(Short web captions)
Segment Open
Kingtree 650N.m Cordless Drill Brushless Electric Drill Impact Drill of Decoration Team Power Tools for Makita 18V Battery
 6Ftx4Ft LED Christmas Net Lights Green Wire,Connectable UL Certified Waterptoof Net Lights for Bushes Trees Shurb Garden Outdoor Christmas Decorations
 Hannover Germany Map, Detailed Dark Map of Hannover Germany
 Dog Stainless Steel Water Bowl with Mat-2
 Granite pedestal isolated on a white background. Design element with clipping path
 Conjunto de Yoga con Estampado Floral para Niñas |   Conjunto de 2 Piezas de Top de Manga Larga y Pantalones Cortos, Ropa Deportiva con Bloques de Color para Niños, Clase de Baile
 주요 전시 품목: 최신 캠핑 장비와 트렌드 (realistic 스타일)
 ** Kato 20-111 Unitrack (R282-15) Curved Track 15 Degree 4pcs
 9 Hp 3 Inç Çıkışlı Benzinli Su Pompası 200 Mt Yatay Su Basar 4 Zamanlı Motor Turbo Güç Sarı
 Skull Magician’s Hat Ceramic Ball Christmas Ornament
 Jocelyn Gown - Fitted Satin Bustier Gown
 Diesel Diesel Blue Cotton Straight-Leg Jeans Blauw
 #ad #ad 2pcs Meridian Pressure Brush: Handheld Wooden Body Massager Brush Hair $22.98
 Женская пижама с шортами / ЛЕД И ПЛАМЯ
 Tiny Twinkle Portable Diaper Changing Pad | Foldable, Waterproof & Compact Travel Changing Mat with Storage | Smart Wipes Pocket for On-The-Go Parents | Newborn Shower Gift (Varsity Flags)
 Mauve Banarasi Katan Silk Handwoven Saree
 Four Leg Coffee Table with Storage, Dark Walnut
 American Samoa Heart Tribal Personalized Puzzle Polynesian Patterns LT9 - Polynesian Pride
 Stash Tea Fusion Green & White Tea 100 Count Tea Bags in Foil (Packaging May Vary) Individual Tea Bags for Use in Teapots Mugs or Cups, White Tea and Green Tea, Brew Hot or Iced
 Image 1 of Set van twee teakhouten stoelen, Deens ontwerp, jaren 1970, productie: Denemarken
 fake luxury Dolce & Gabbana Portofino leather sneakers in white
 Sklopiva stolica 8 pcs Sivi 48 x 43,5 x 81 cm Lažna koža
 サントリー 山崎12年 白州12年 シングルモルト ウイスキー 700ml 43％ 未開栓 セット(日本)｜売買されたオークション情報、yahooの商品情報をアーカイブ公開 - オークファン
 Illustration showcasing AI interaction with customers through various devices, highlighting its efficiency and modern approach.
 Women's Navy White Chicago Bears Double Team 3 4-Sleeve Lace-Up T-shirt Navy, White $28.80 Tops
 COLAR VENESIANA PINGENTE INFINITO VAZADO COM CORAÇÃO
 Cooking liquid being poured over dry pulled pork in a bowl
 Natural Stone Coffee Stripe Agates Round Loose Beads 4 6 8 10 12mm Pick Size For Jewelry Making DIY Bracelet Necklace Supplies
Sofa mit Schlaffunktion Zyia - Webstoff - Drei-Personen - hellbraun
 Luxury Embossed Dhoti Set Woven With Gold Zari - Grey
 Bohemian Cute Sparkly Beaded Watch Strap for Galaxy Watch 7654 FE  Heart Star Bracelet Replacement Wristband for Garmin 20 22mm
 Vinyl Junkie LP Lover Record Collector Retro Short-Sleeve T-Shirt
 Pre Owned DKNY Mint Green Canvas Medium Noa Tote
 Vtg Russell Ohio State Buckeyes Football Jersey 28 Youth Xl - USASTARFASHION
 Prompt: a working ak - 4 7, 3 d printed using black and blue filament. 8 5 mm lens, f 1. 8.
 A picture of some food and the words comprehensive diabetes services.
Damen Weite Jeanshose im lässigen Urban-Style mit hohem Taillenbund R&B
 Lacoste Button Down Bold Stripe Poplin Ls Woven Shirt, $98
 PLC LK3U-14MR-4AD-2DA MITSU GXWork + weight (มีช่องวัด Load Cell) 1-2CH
Segment Closed
» **Goal of the exercise**: Set down exactly, and only, the lines from the one with "Sofa mit Schlaffunktion" to the final line of the data.

» **Answer to this task**:
Sofa mit Schlaffunktion Zyia - Webstoff - Drei-Personen - hellbraun
 Luxury Embossed Dhoti Set Woven With Gold Zari - Grey
 Bohemian Cute Sparkly Beaded Watch Strap for Galaxy Watch 7654 FE  Heart Star Bracelet Replacement Wristband for Garmin 20 22mm
 Vinyl Junkie LP Lover Record Collector Retro Short-Sleeve T-Shirt
 Pre Owned DKNY Mint Green Canvas Medium Noa Tote
 Vtg Russell Ohio State Buckeyes Football Jersey 28 Youth Xl - USASTARFASHION
 Prompt: a working ak - 4 7, 3 d printed using black and blue filament. 8 5 mm lens, f 1. 8.
 A picture of some food and the words comprehensive diabetes services.
Damen Weite Jeanshose im lässigen Urban-Style mit hohem Taillenbund R&B
 Lacoste Button Down Bold Stripe Poplin Ls Woven Shirt, $98
 PLC LK3U-14MR-4AD-2DA MITSU GXWork + weight (มีช่องวัด Load Cell) 1-2CH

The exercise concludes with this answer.